Segment Open

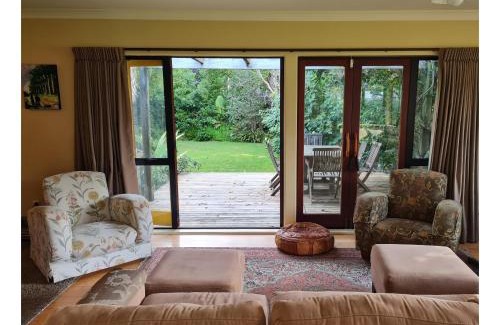 Mount Maunganui House | Surf and Sun Retreat - Mt Maunganui Holiday Home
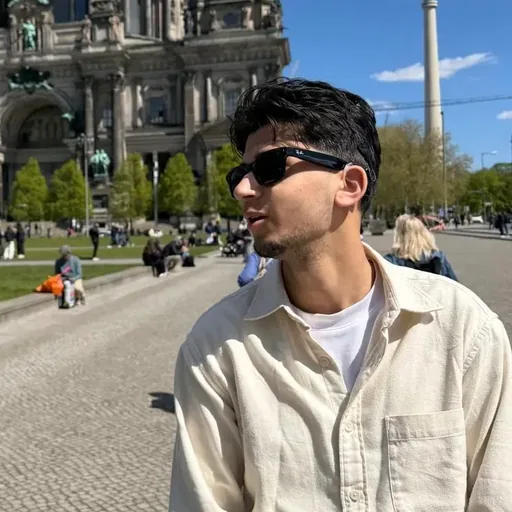 Faiz Mustansar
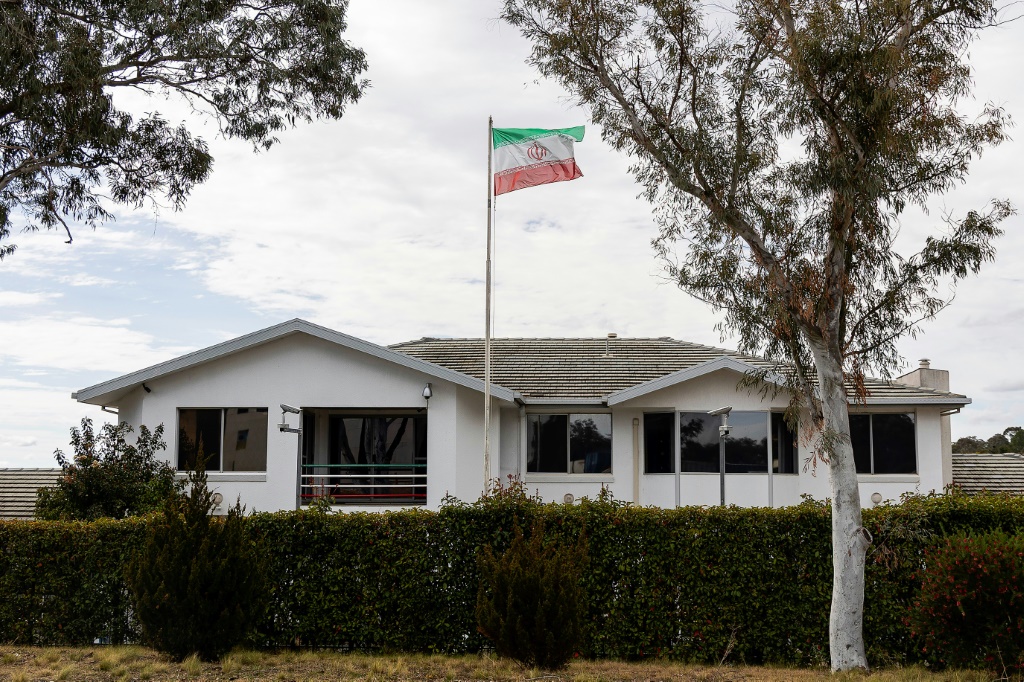 العلم الإيراني يرتفع فوق مبنى السفارة الإيرانية في كانبيرا، في 26 آب/أغسطس 2025 (أف ب)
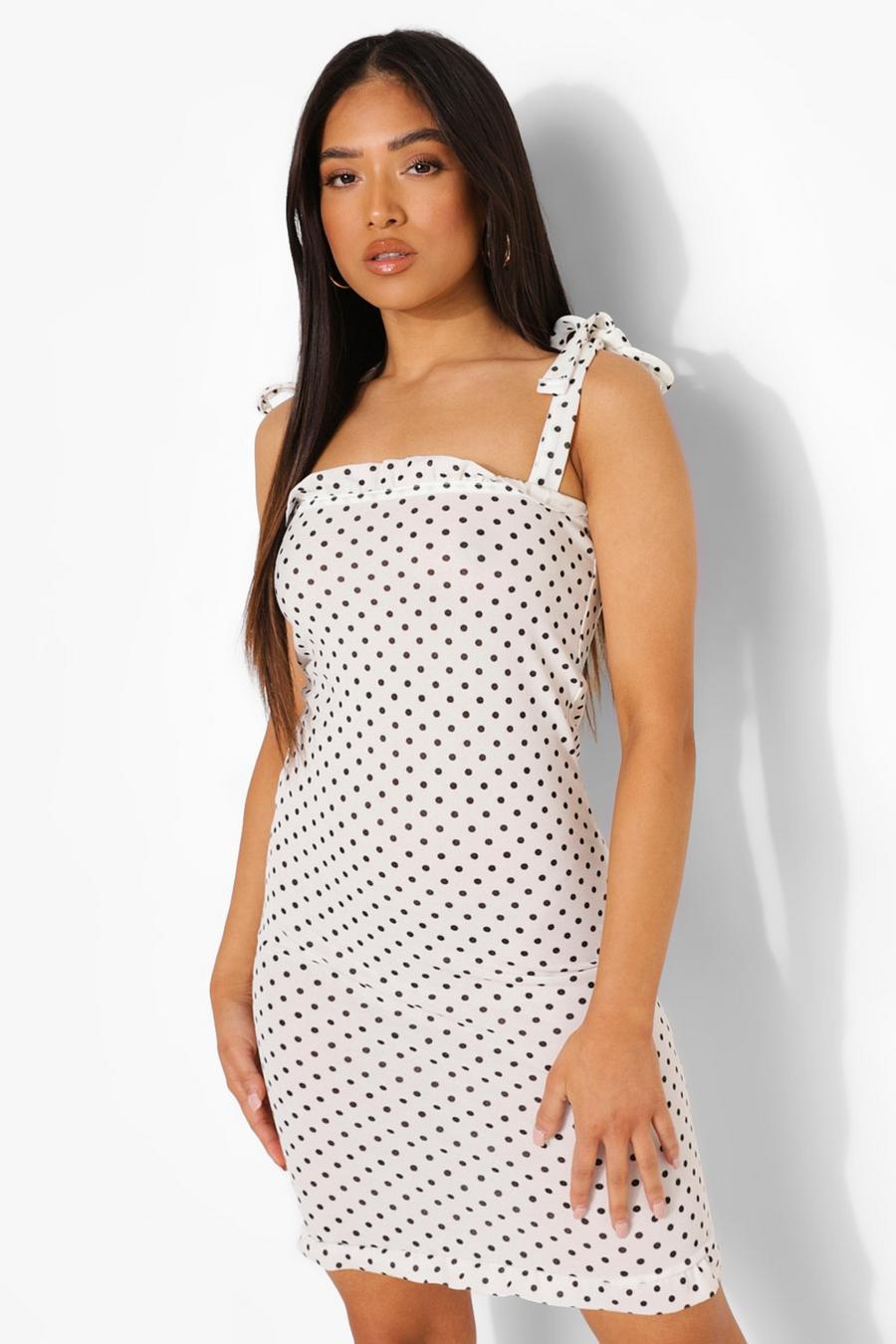 לבן  שמלת מיני עם כתפיות קשירה סלסולים והדפס כתמים, פטיט image number 1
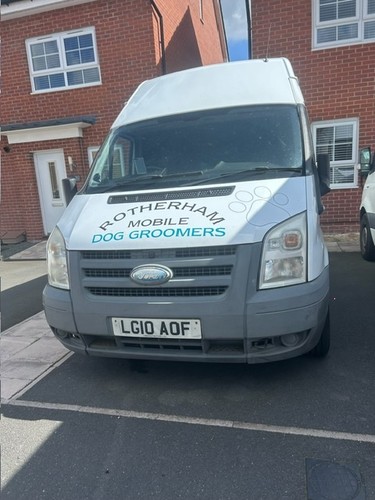 Dog grooming van - 2010, ford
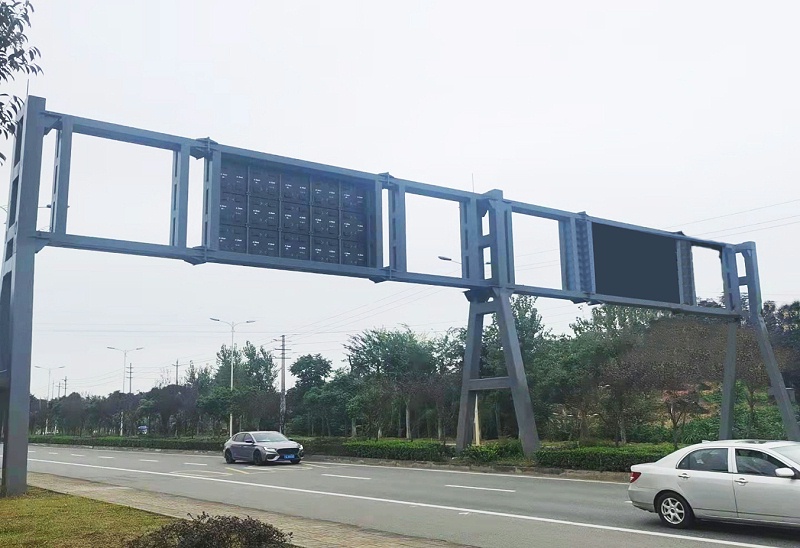 菲尼特龍門(mén)架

Segment Closed

What you are asked to do.
Copy the records exactly, minus any pictures.

Result of the task.
 Mount Maunganui House | Surf and Sun Retreat - Mt Maunganui Holiday Home
 Faiz Mustansar
 العلم الإيراني يرتفع فوق مبنى السفارة الإيرانية في كانبيرا، في 26 آب/أغسطس 2025 (أف ب)
 לבן  שמלת מיני עם כתפיות קשירה סלסולים והדפס כתמים, פטיט image number 1
 Dog grooming van - 2010, ford
 菲尼特龍門(mén)架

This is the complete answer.